Situasi ini kembali memunculkan desakan agar Dewan Perwakilan Rakyat bersama pemerintah segera merampungkan pembahasan revisi Rancangan Undang-undang (RUU) Antiterorisme. Salah faktor yang membuat tidak kunjung disahkannya UU itu adalah soal definisi terorisme.
Namun dalam sebuah diskusi mengenai RUU Antiterorisme yang digelar disebuah hotel di Jakarta, Senin (14/5), Direktur Eksekutif Imparsial Al Araf menekankan tidak perlu ada definisi terorisme dalam RUU tersebut.
Al Araf memberikan solusi agar perdebatan mengenai definisi terorisme selesai yaitu dengan menggunakan pasal 6 dalam Undang-undang Nomor 15 Tahun 2003 tentang Tindak Pidana Terorisme.
"Pasal 6 bunyinya begini: setiap orang yang dengan sengaja menggunakan kekerasan atau ancaman kekerasan menimbulkan suasana teror atau rasa takut terhadap orang secara luas atau menimbulkan korbanbersifat massal dengan cara merampas kemerdekaan atau hilangnya nyawa dan harta benda orang lain, atau mengakibatkan kehancuran atau kerusakan terhadap obyek vital, dikategorikan sebagai terorisme," kata Al Araf.
Anggota Panitia Khusus RUU Antiterorisme Risa Mariska menjelaskan teroris merongrong kedaulatan negara. Seperti diamanatkan oleh konstitusi, lanjutnya, adalah tugas negara untuk melindungi segenap bangsa dan seluruh tumpah darah Indonesia, menjadi basis legal untuk negara menindakan siapa saja mengancam keamanan dan kedaulatan negara.
Menurut Risa, revisi RUU Antiterorisme telah mengakomodir beberapa hal menjadi kebutuhan aparat keamanan dalam pemberantasan terorisme.
"Mengenai persiapan tindak pidana terorisme, itu ada di pasal 10a. Kemudian mengenai perencanaan tindak pidana terorimse, itu ada di pasal 12a. Mengenai pelatihan militer atau paramiliter, ada di pasal 12b. Kemudian mengenai ujaran kebencian untuk melakukan kekerasan dan menimbulkan tindak pidana terorisme, itu ada di pasal 13 a. Bahkan kelibatan anak dalam perbuatan tindak pidana terorisme juga sudah diatur dalam pasal 16 a," kata Risa.
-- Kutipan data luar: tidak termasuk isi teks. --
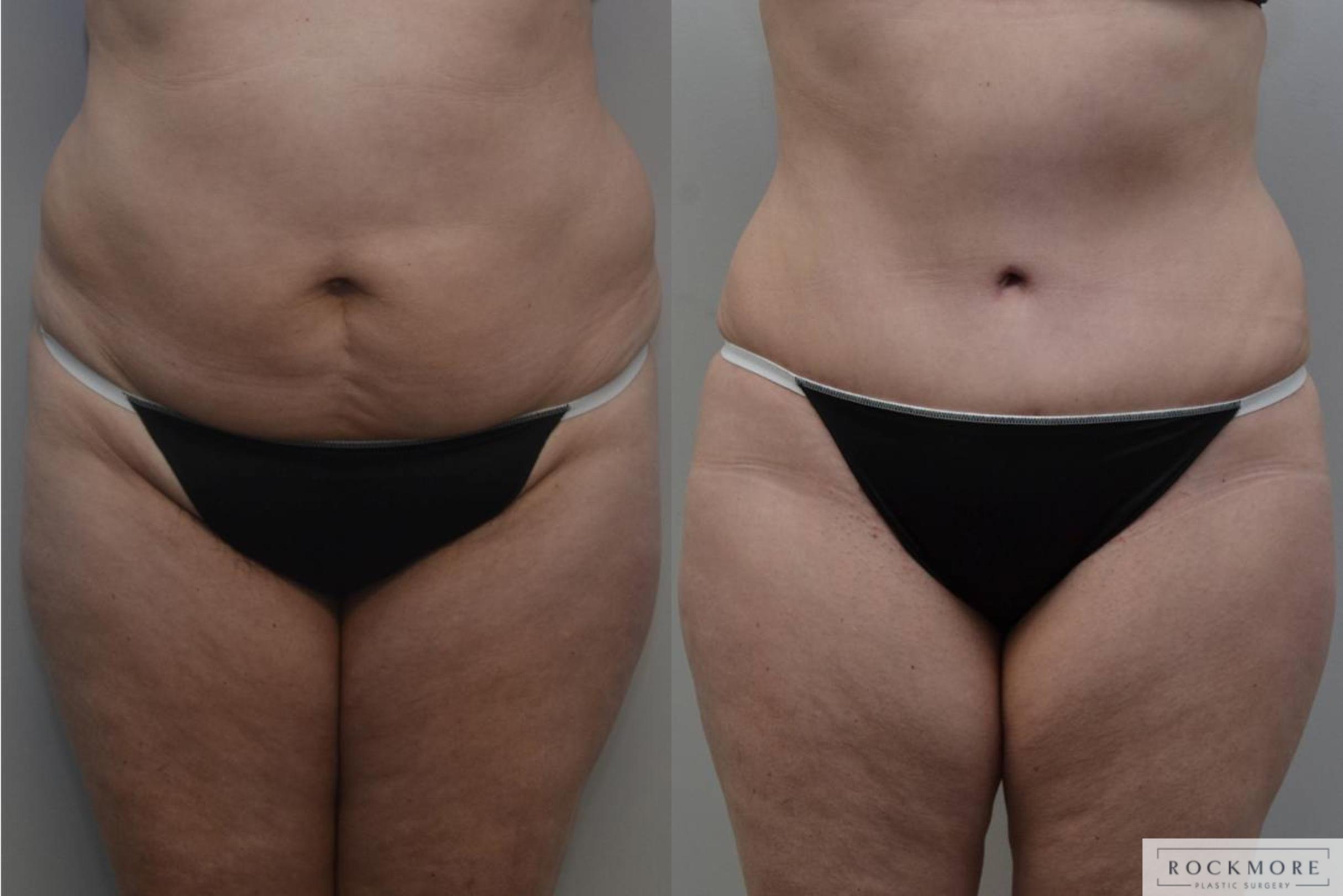 Before & After Tummy Tuck Case 189 View #1 View in Albany & Latham, New York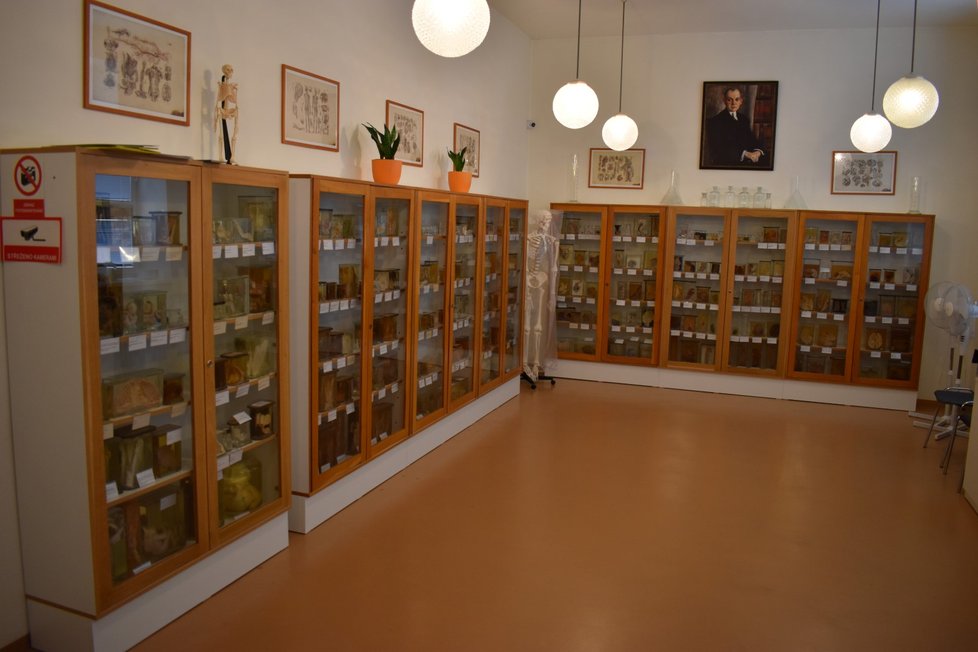Muzeum patologie v opavské Slezské nemocnici.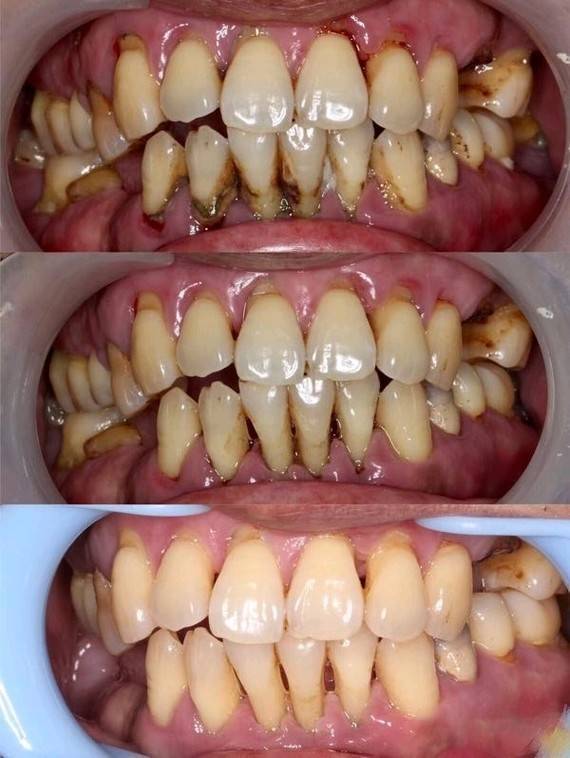 什么是牙周炎有什么危害,牙周病的原因和危害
Anggota DPR dari Fraksi Partai Demokrasi Indonesia Perjuangan ini yang masih menjadi perdebatan terakhir adalah mengenai definisi terorisme, yang jika dijabarkan secara rinci akan membatasi kewenangan negara dalam menangani sekaligus memberantas terorisme. Karena itu, lanjut Risa, Fraksi PDIP menolak definisi terorisme masuk dalam revisi RUU Antiterorisme. Dia juga mengajak seluruh kalangan masyarakat untuk mengawal pembahasan RUU Antiterorisme hingga sampai disahkan.
Pada kesempatan itu, Risa menyerukan agar pembahasan RUU Antiterorisme dilakukan secara transparan dan segera dirampungkan.
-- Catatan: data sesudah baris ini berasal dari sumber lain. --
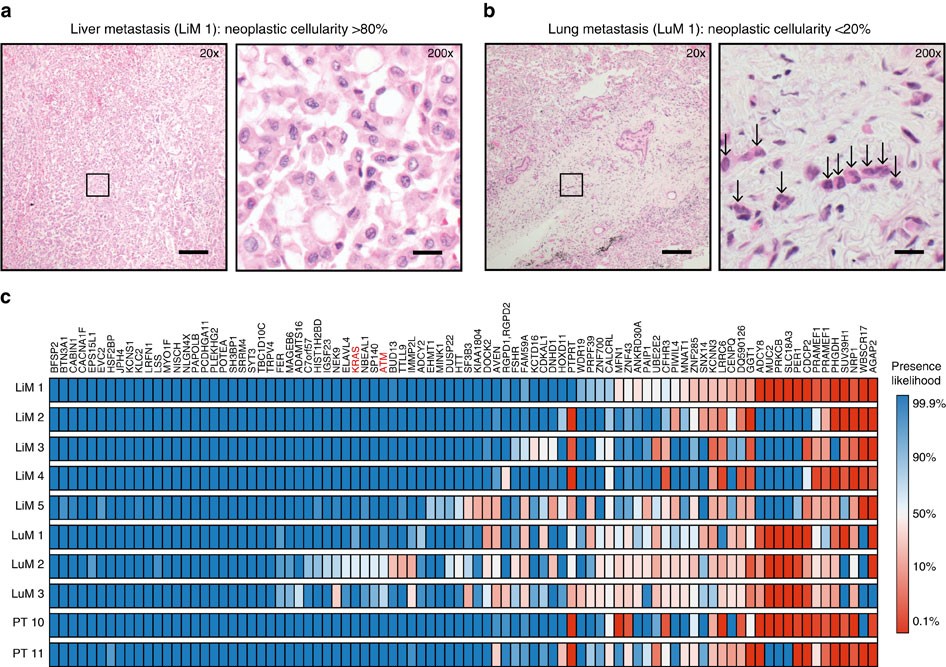 Reconstructing Metastatic Seeding Patterns Of Human Cancers Nature Communications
Mantan Kepala Badan Nasional Penanggulangan Terorisme (BNPT) Ansaad Mbai menilai ada beberapa anggota Panitia Khusus RUU Antiterorisme tidak paham masalah terorisme dan tidak memahami semangat untuk merevisi undang-undang antiterorisme.
Mbai mengatakan kewenangan aparat keamanan perlu diperluas dalam menangani terorisme. Dia mengaku mendapat keluhan dari aparat keamanan di lapangan. Mbai mencontohkan kewenangan menahan terduga teroris selama tujuh hari tanpa memberitahukan siapapun. Dia menyebutkan banyak terduga teroris menolak berbicara lebih dari sepekan sehingga sulit bagi aparat keamanan untuk mengusut jaringan mereka.
Kelemahan lainnya dari Undang-undang Nomor 15 Tahun 2003 tentang Tindak Pidana Terorisme, tambah Mbai, adalah rendahnya hukuman bagi pelaku teror. Dia mencontohkan Bahrun Naim. Padahal di negara-negara lain, seperti Prancis, dapat menahan tersangka terorisme selama empat tahun tanpa diadili.
"Kemudian lagi yang lebih prinsip, semangat yang utama adalah bagaimana caranya supaya kita bisa bertindak proaktif, sekarang ini reaktif. Inisiatif di tangan teroris," ujar Mbai.
Mbai menegaskan tidak penting berdebat soal definisi terorisme. Apalagi dalam Panitia Khusus RUU Antiterorisme, lanjut dia, ada orang-orang bekerja untuk kepentingan politik kelompoknya sehingga membuat pembahasan RUU ini jadi berlarut-larut.
Ketua Setara Institute Hendardi menyayangkan lambatnya Dewan Perwakilan Rakyat dan pemerintah dalam menyelesaikan pembahasan revisi Rancangan Undang-undang (RUU) Antiterorisme. Bahkan dia menilai ada kesengajaan untuk menutupi pembahasan RUU tersebut.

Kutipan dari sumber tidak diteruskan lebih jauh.